The contract is according to Le Monde worth around € 700 mill. The agreement will allow the Arabs to build a modern Louvre in the luxurious tourist paradise Saadiyat Island at Abu Dhabi. The plan is to make a brand extension and put some of the collections at Louvre on permanent display there.  The plan has caused uproar among a number of heavy weight art historians and museum directors in France and abroad. Originally the protest was voiced by three heavyweights in the French art world, Françoise Cachin, former director of French museums; Jean Clair, former director of the Picasso Museum; and Roland Recht, a leading art historian

Not for sale
“Museums are not for sale,” stated the headline of an opinion article in Le Monde. “From a moral point of view,” the authors wrote, “one can only be shocked by the commercial and promotional use of masterpieces from our national heritage.” France should lend works of art, they said, but without charge. “Objects of our heritage are not consumer goods,” they added. “And to protect them is to guarantee their universal value for tomorrow.”
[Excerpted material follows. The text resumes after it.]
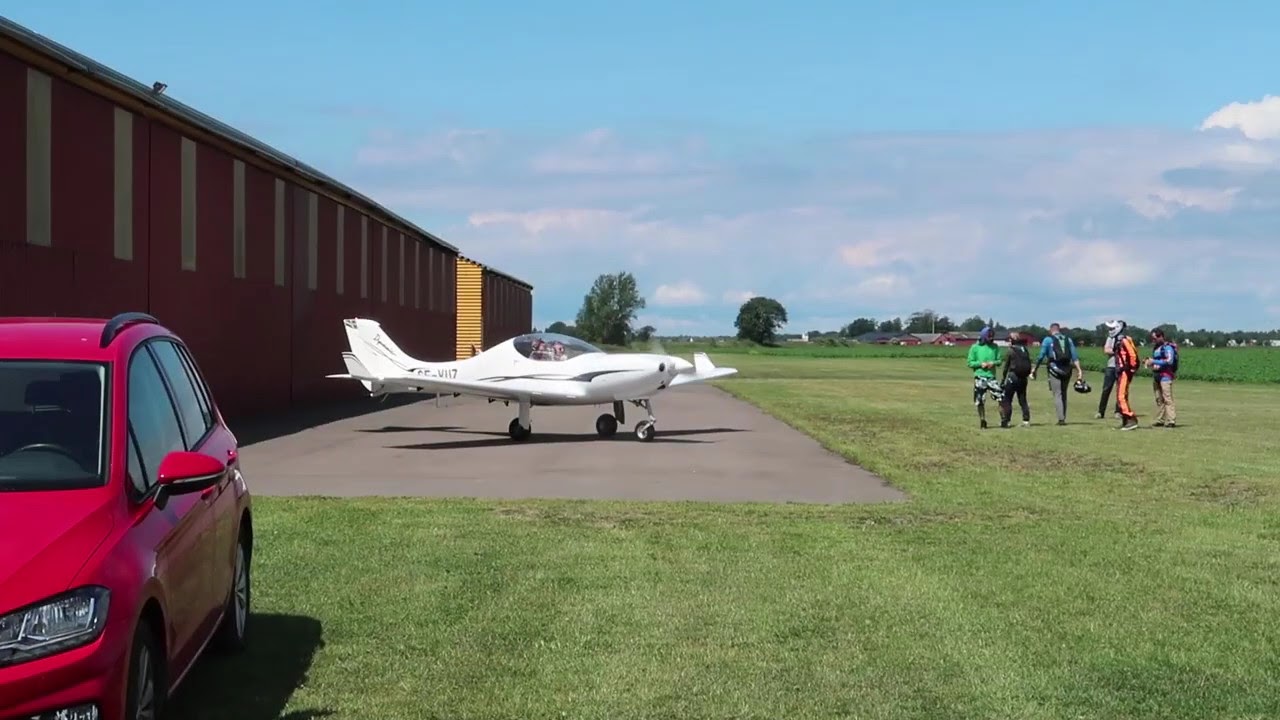Dynamic WT9 RG constant speed takeoff & low pass at ESTT | PIC Elias Sj&ouml;lander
Petition, uproar, and critique
A French art Web site, La Tribune de l’Art, quickly organized a petition endorsing Le Monde’s article and demanding “preservation of the integrity of the collections of the French museums.” The petition has of now been signed by 1300 French as well as foreigners. The critique that has met the uproar was later dissected in a leader.

No, no, and no
No, we are not opposed to exhibitions, nor exchange, nor loans of art, the webzine claims.
No, we are not against making a profit out of a museum.
No, we are not against working in partnership with certain countries in the world and not others.
No, this is not a French issue. Artists and museums from all over the world have signed the appeal against the proposal.
No, most museums in the world do not practice this marketing of their ‘brand’. Only Guggenheim with its branch in Bilbao and The Hermitage in St. Petersburg works in this manner.
No, it is not an old practice. French pieces of art have been on permanent loans, but only to French Museums.
No, the collections are not vast and inexhaustible.
And no, they do not stem from ancient thievery, but from the royal, imperial and republican collections.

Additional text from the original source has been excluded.